By Archtop (Special thanks to member Paperback Writer at the Steve Hoffman forums).
The jam commonly referred to as the Tighten Up jam is so referred to based on the chords to (and its overall resemblance to) the 1968 track of the same name from Archie Bell & the Drells.
The problem herein lies in the chord structure of the jam. The original composition of Tighten Up is based on a simple chord change of F#Maj7 – BMaj7 (or, if you prefer to make your life more difficult, GbMaj7 – CbMaj7). In any case, these two sets of chord changes represent I IV in a Major key. But the GoGD jam in question is not I IV in a Major key; rather, it is I ii in a Major key. See 5/2/70, DP 8, Dancin’ in the Street from 6:52-10:15 (all times taken from the official releases noted herein)
and 10/31/71, DP 2, Dark Star from 13:29-17:52;
for officially-released and well-known versions. But often, things are not so cut and dried with the GoGD. The 1/2/70, DaP 30, Dark Star complicates things by including an unnamed jam starting at 19:41–> Feelin’ Groovy (starting at 21:42 and then meandering away)–> Soulful Strut (transposed; starting at 23:40).
Keep in mind that any transposition our boys might have done is irrelevant here. Transcribing a set of chord changes to another key does not affect their harmonic function.

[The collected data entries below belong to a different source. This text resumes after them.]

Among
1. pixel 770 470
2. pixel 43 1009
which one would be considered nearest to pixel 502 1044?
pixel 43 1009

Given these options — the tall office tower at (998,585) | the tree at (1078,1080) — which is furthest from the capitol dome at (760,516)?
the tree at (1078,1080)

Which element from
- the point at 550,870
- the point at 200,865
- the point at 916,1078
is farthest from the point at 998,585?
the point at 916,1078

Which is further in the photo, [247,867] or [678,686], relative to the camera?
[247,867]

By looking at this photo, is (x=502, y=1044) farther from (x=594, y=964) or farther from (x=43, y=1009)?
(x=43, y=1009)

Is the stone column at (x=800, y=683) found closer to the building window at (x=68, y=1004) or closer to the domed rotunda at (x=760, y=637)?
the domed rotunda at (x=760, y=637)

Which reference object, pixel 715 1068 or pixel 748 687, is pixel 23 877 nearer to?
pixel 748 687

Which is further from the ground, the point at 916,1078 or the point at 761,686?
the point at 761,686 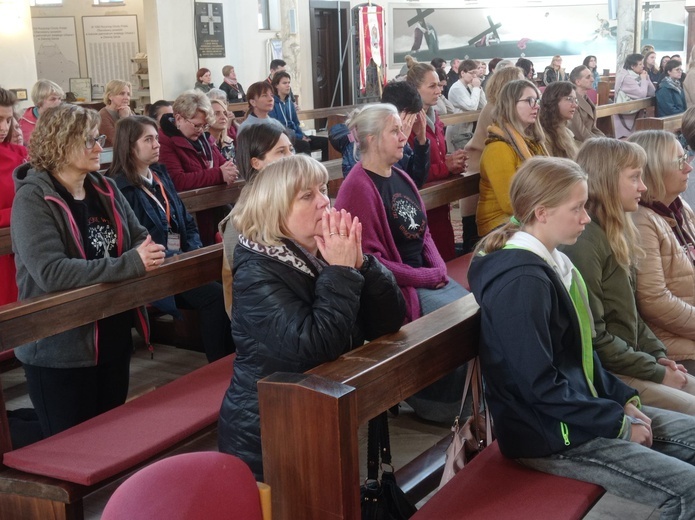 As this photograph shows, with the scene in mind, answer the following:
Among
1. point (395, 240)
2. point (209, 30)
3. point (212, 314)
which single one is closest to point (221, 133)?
point (212, 314)

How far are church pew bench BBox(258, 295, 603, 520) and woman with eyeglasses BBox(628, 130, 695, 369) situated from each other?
3.66 feet

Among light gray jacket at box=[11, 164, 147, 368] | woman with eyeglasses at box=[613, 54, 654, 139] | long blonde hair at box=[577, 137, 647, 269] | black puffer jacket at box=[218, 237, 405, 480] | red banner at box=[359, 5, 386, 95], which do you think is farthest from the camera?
red banner at box=[359, 5, 386, 95]

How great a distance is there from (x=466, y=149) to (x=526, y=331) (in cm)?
304

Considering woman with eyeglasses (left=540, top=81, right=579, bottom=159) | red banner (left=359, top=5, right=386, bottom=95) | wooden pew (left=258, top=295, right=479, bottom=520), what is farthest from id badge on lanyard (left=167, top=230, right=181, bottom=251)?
red banner (left=359, top=5, right=386, bottom=95)

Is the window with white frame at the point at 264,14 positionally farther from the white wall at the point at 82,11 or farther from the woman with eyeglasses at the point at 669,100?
the woman with eyeglasses at the point at 669,100

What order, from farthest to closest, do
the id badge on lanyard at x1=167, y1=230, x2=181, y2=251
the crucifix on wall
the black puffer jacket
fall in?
the crucifix on wall, the id badge on lanyard at x1=167, y1=230, x2=181, y2=251, the black puffer jacket

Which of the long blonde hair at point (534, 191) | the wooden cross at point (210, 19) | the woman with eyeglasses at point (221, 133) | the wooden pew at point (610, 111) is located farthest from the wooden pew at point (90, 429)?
the wooden cross at point (210, 19)

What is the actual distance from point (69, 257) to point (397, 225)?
1.30m

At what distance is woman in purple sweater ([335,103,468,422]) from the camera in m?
3.46

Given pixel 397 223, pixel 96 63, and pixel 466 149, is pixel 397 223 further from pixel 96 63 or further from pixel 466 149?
pixel 96 63

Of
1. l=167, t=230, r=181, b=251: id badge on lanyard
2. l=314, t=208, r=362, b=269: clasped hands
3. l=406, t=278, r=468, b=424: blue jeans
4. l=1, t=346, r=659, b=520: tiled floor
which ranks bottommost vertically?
l=1, t=346, r=659, b=520: tiled floor

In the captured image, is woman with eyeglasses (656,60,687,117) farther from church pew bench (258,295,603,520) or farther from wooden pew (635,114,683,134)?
church pew bench (258,295,603,520)

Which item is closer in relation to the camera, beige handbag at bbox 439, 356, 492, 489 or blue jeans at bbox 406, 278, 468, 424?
beige handbag at bbox 439, 356, 492, 489

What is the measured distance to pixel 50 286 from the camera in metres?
2.79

However, the Grateful Dead play the Soulful Strut jam in A Major, using A and Bmin as the two chords. This represents both a transposition from F#/Gb Major and a reharmonization of I IV in a Major key to I ii in a Major key. But if we look at Soulful Strut, a 1968 composition by Young-Holt Unlimited, the main set of changes is BbMa7 – Cmin7: I ii in the Major key of Bb Major.
Don’t get hung up on the key/tonal center; focus on the functionality of the chords. If we transpose the two chords from Soulful Strut down a half step, we get A Bmin. Thus, what has long been known as the Tighten Up jam is, by its very harmonic construction, much more close to Soulful Strut than it is to Tighten Up.